NAND bad block checking when no memory based BBT is available

Knobloch, Thomas knobloch at siemens.com
Thu Apr 26 11:38:13 EDT 2007


Hello,

I'm using the MTD code as part of the u-boot Bootloader. I implemented
a NAND device that is not generating a bad block table at all. The
reason for that this decreases boot time of our device.

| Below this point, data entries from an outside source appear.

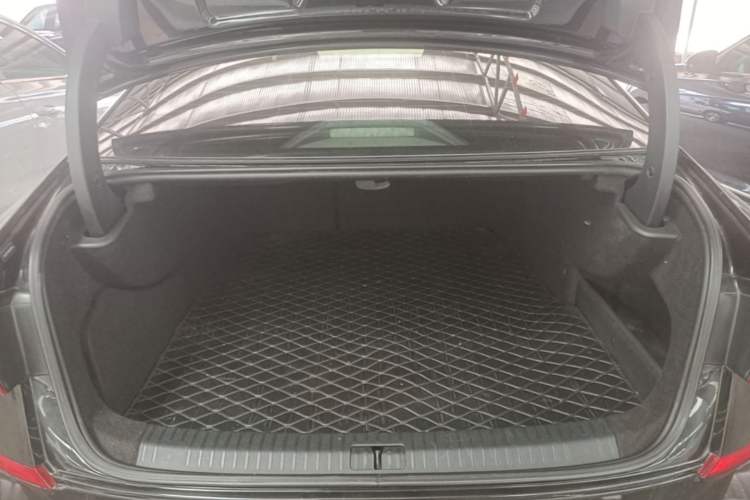 Used Volkswagen Passat New Energy 2019 430 PHEV Hybrid Elite Edition Trunk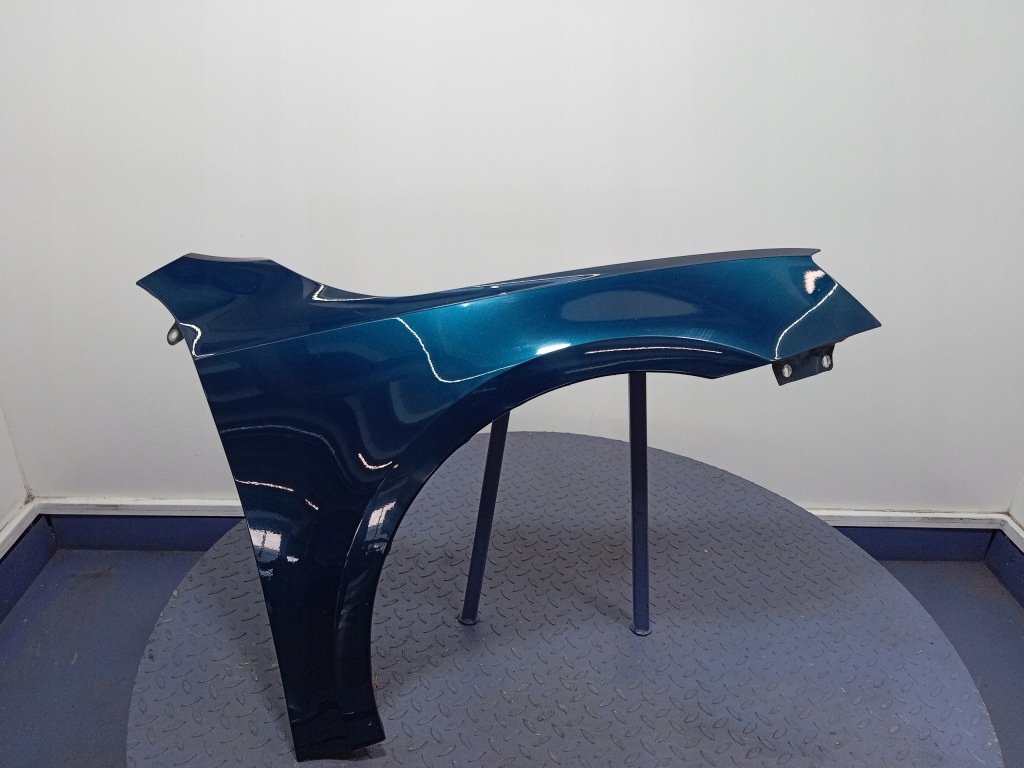 фото №1, Octavia iii 13- крила перед правий передній lw5q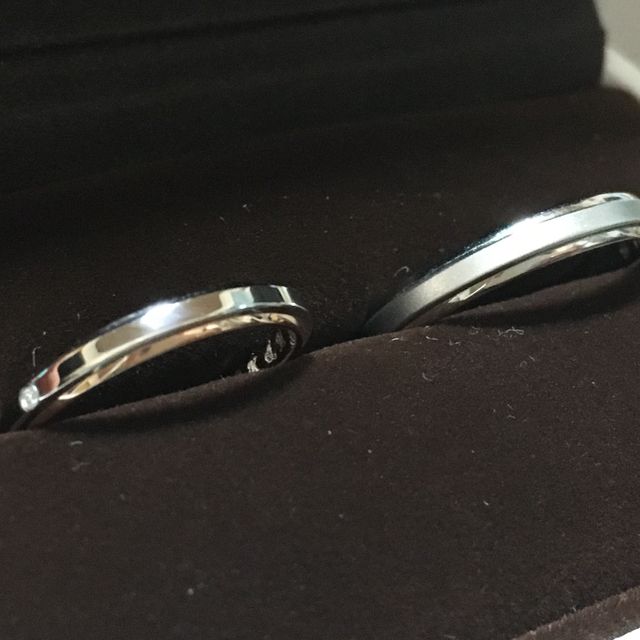 【アイプリモ(I-PRIMO)の口コミ】 ペアで色違いのデザインが可愛くて一目惚れしました。女性の方はピンクゴ…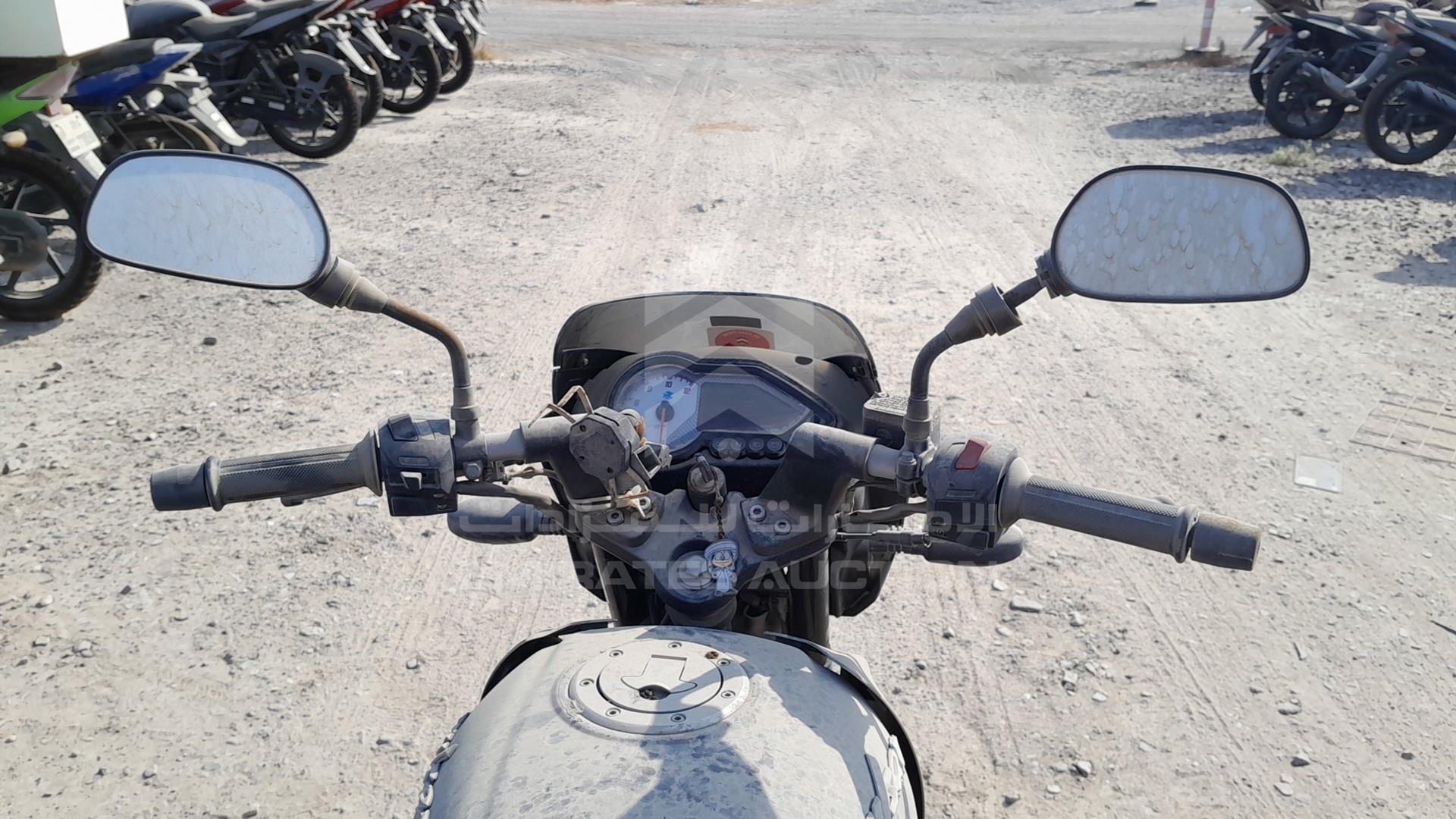 0 BAJAJ PULSAR VIN: MD2A11CX4LCE59290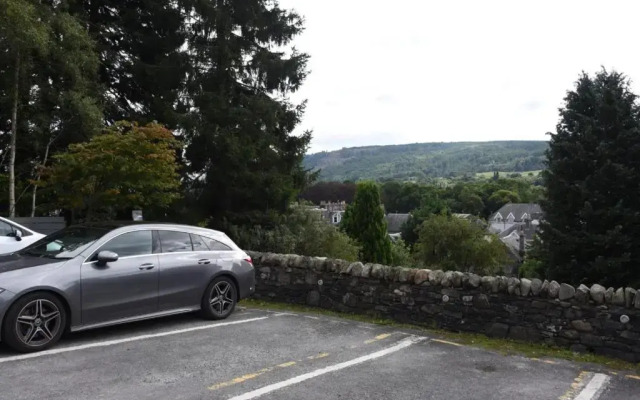 Tigh-na-Cloich Hotel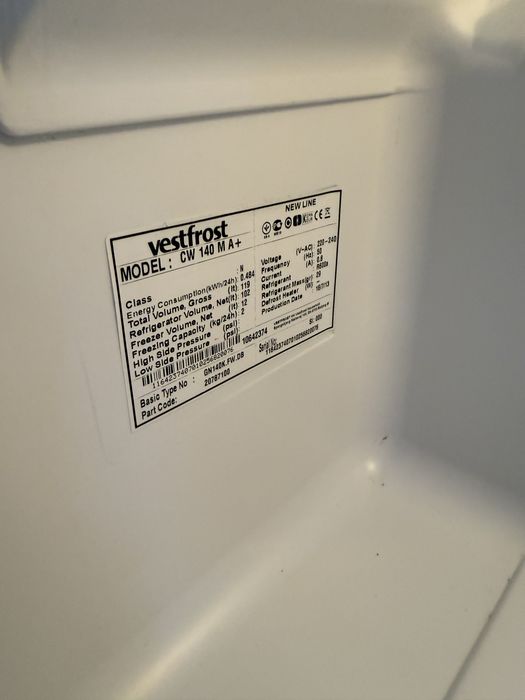 Фризер Vestfrost A+ и Хладилник със камера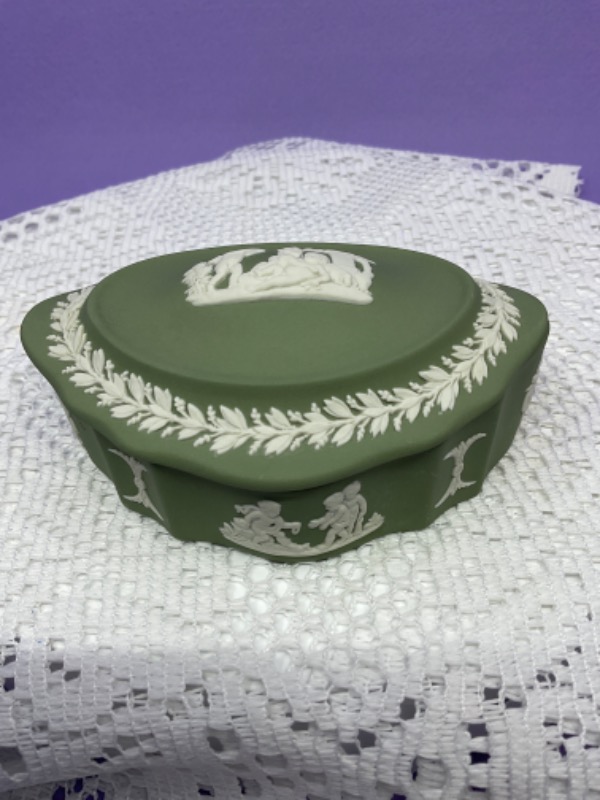 왜지우드 아이보리 온 세지 그린 제스퍼웨어 박스 Wedgwood Ivory on Sage Green Jasperware Box circa 1970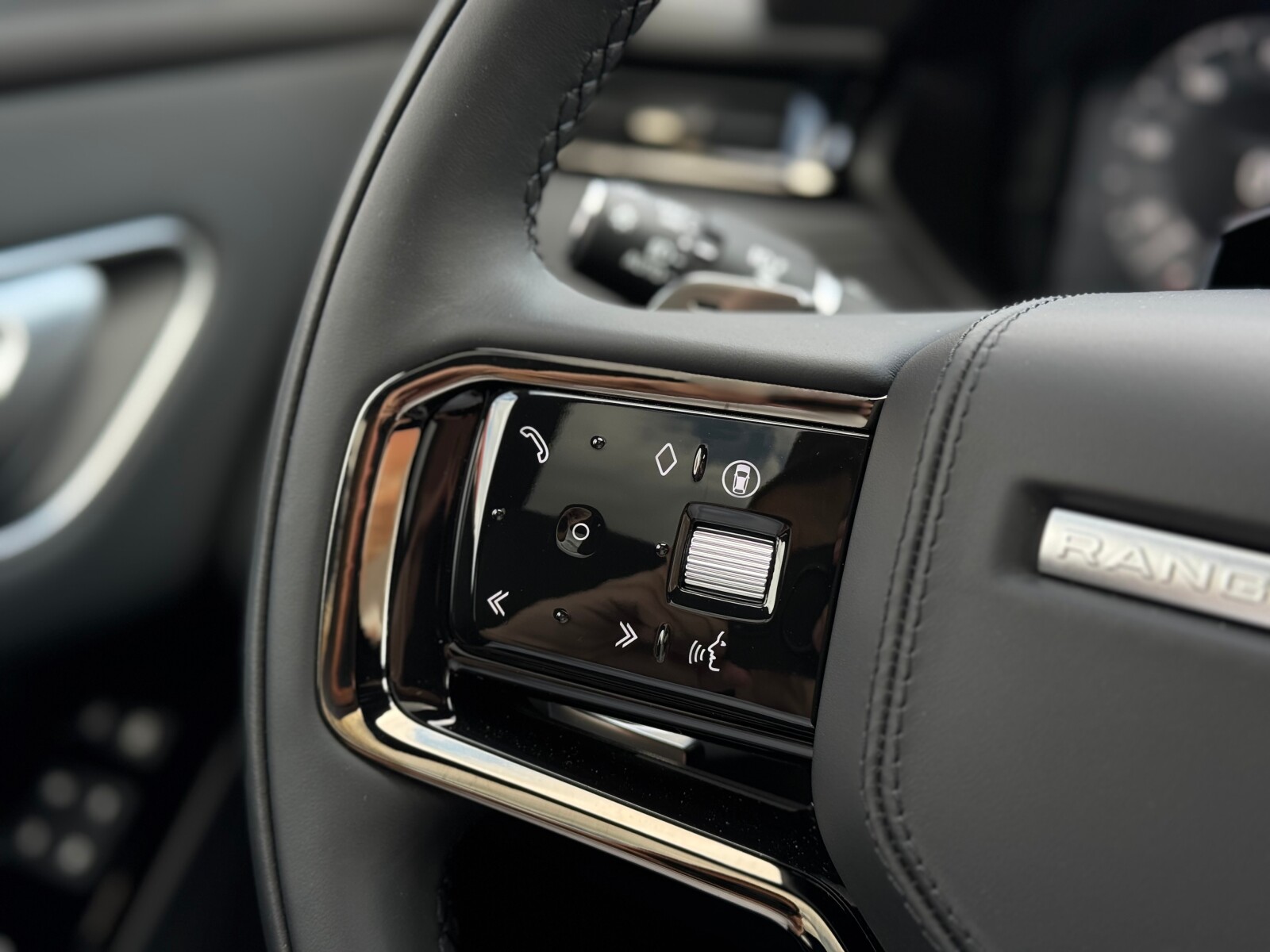 Land Rover Range Rover Velar - zdjęcie 13
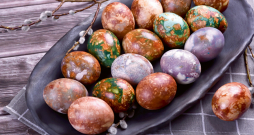 Olu krāsošana ir daļa no Lieldienu maģijas. Visvērtīgākās skaitās sarkanas olas, jo senlaikos tādas bija grūti nokrāsot. Olu krāsošana ir daļa no Lieldienu maģijas. Visvērtīgākās skaitās sarkanas olas, jo senlaikos tādas bija grūti nokrāsot.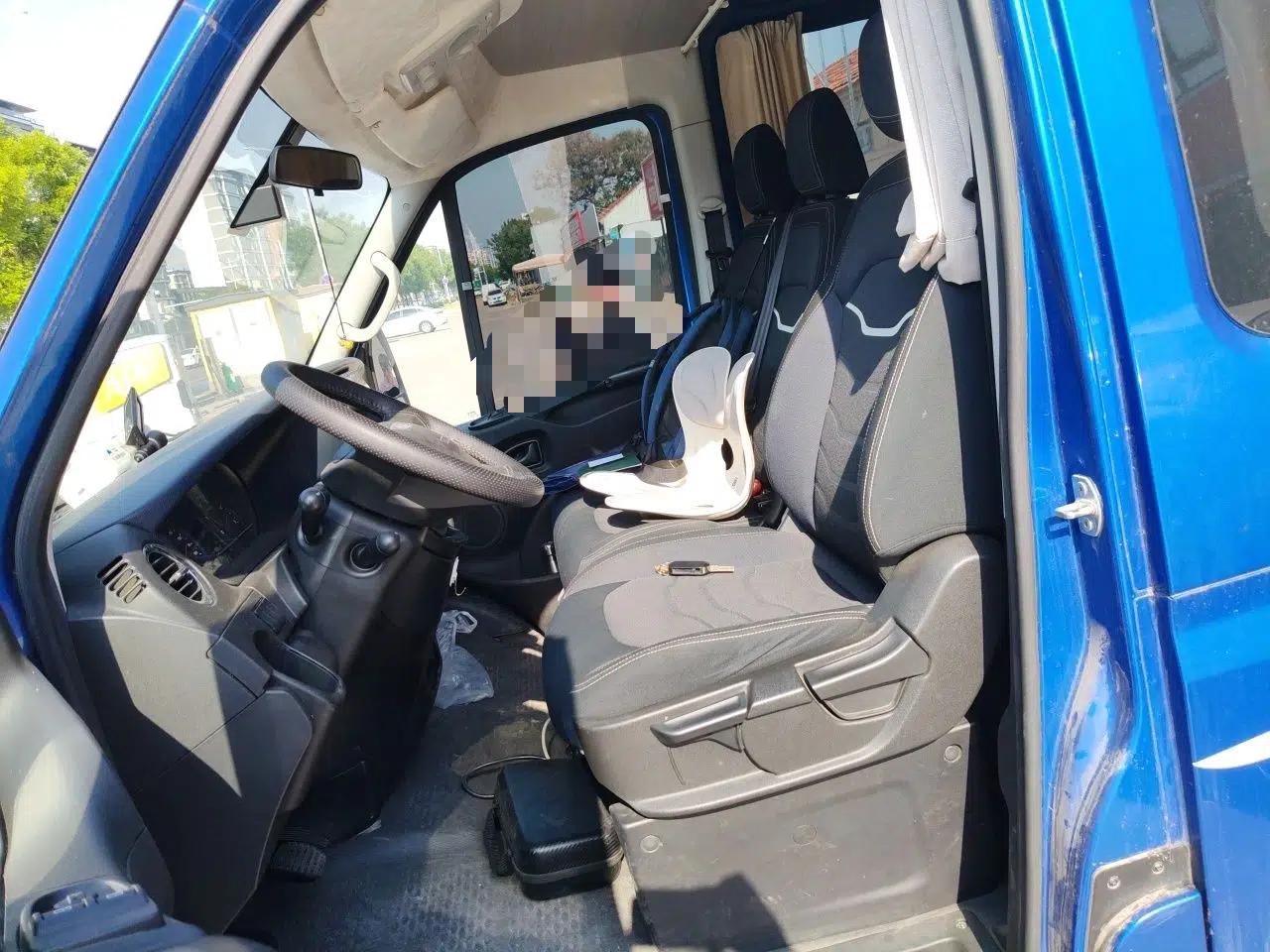 Iveco Eurocargo 2021 3.0T Automatic Chaorui Short Wheelbase High-Roof Side-Sliding Door F1C — миниатюра 16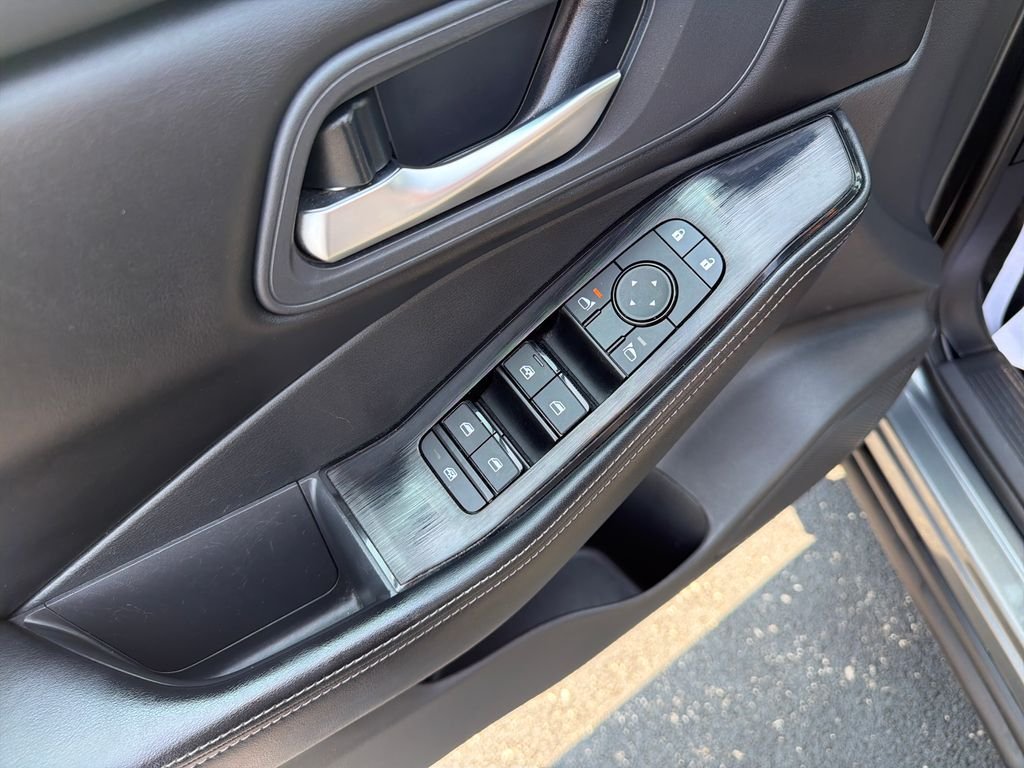 Used 2024 Gray Nissan SV image 11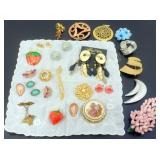 Lot of Costume Jewelry Lot of Costume Jewelry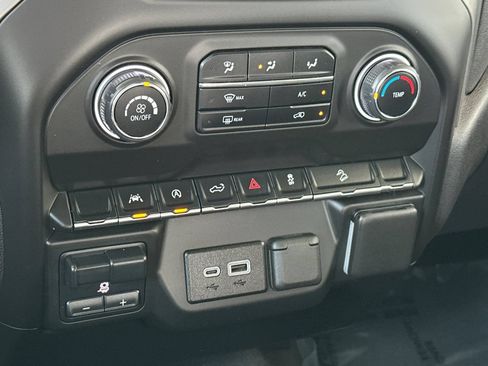 Certified 2024 Chevrolet Silverado 1500 Custom Trail Boss w/ LPO, Dark Essentials Package AWD/4WD image 26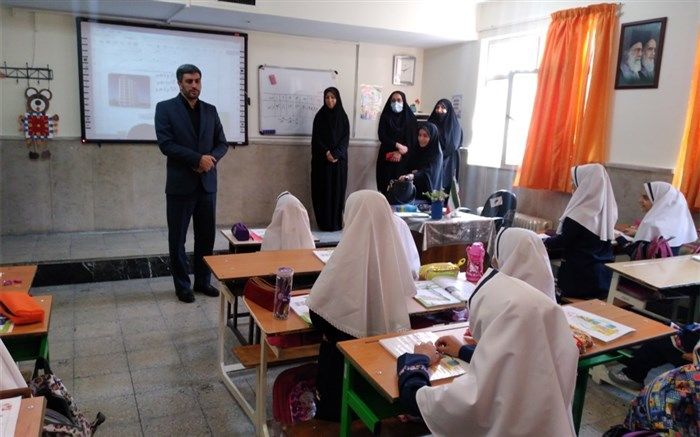 بازدید از مدارس با هدف نظارت و بررسی مشکلات، یکی از اهداف مهم ارزیابی است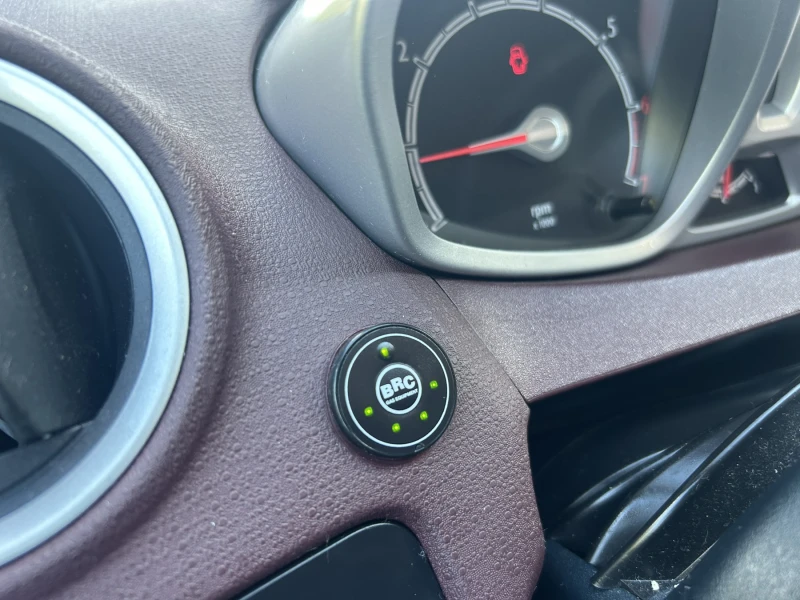 Ford Fiesta 1.25 ГАЗ, снимка 14 - Автомобили и джипове - 52521815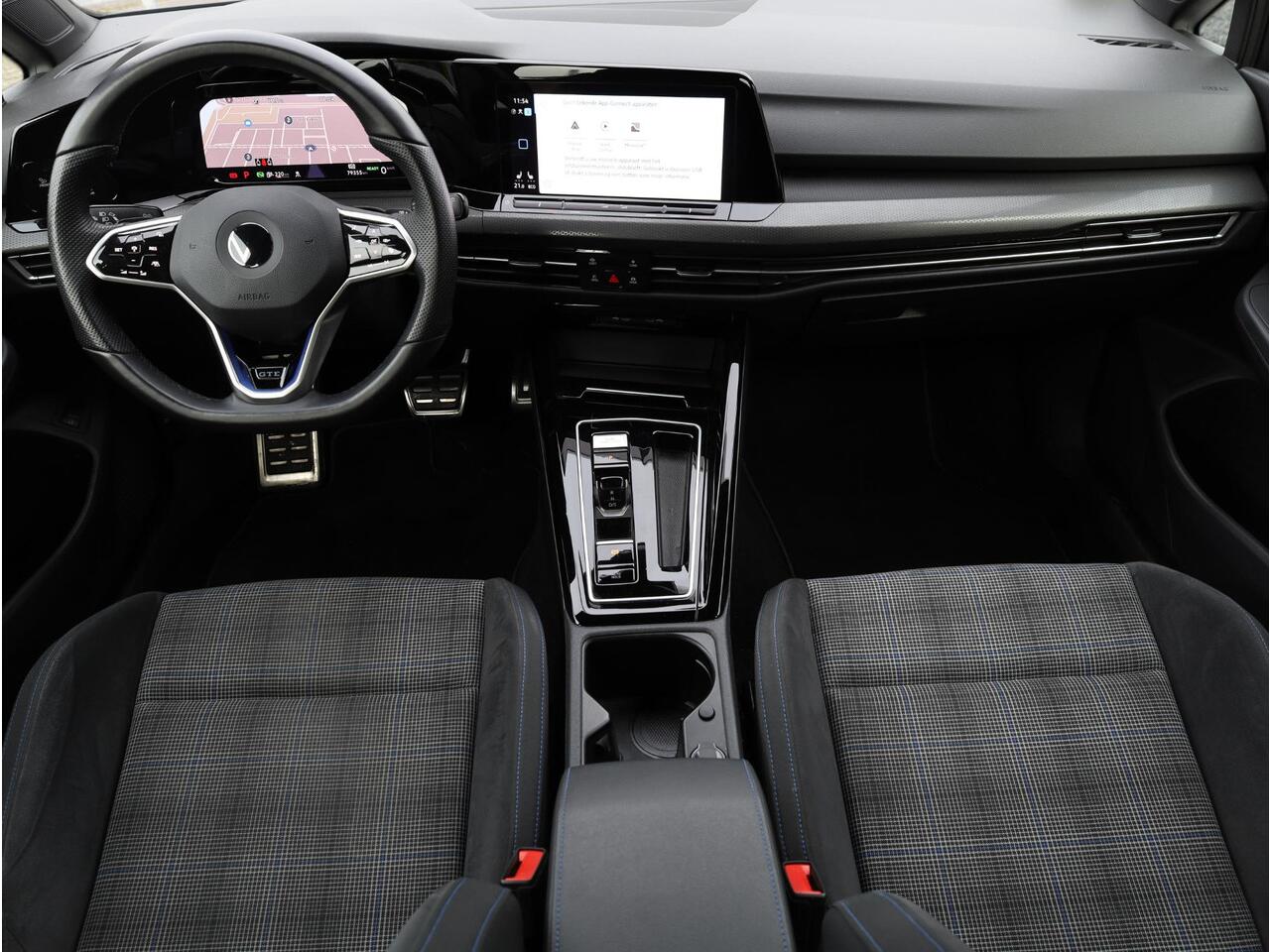 Volkswagen GOLF GTE 1.4 eHybrid 245PK | Adaptive Cruise | Carplay/Android | Stoel&Stuurverwarming |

So every
time the code checks for a bad block it actually reads the OOB data
from the device directly.

This is done in function nand_block_checkbad() in file
drivers/mtd/nand/nand_base.c:

static int nand_block_checkbad(struct mtd_info *mtd, loff_t ofs, int
getchip,
			       int allowbbt)
{
	struct nand_chip *chip = mtd->priv;

	if (!chip->bbt)
		return chip->block_bad(mtd, ofs, getchip);

	/* Return info from the table */
	return nand_isbad_bbt(mtd, ofs, allowbbt);
}



If no BBT is available (as in our implementation) the function will
call chip->bad_block() whose default implementation is
nand_block_bad() in nand_base.c:

static int nand_block_bad(struct mtd_info *mtd, loff_t ofs, int getchip)
{
	int page, chipnr, res = 0;
	struct nand_chip *chip = mtd->priv;
	u16 bad;

	if (getchip) {
		page = (int)(ofs >> chip->page_shift);
		chipnr = (int)(ofs >> chip->chip_shift);

		nand_get_device(chip, mtd, FL_READING);

		/* Select the NAND device */
		chip->select_chip(mtd, chipnr);
	} else
		page = (int)ofs;


	...

}


The interesting thing is that the page number is calculated
differently depending on the parameter getchip. With getchip set to
one it will shift the offset to get the page number. With getchip set
to zero it will not. This really leads to the situation where the page
number is calculated wrong. Function nand_erase_nand() in nand_base.c
calls nand_block_bad() with getchip=0. However it also shifts the page
number to the left before calling this function:

int nand_erase_nand(struct mtd_info *mtd, struct erase_info *instr,
		    int allowbbt)
{
	...

		/*
		 * heck if we have a bad block, we do not erase bad
blocks !
		 */
		if (nand_block_checkbad(mtd, ((loff_t) page) <<
					chip->page_shift, 0, allowbbt))
{
			printk(KERN_WARNING "nand_erase: attempt to
erase a "
			       "bad block at page 0x%08x\n", page);
			...
		}

	...
}


By doing so the code will check for the wrong page number as the offset
is not shifted back to the right in nand_block_bad(). I clearly
see that our bootloader will check the wrong page number/offset in
the case that the NAND driver does not generate a BBT.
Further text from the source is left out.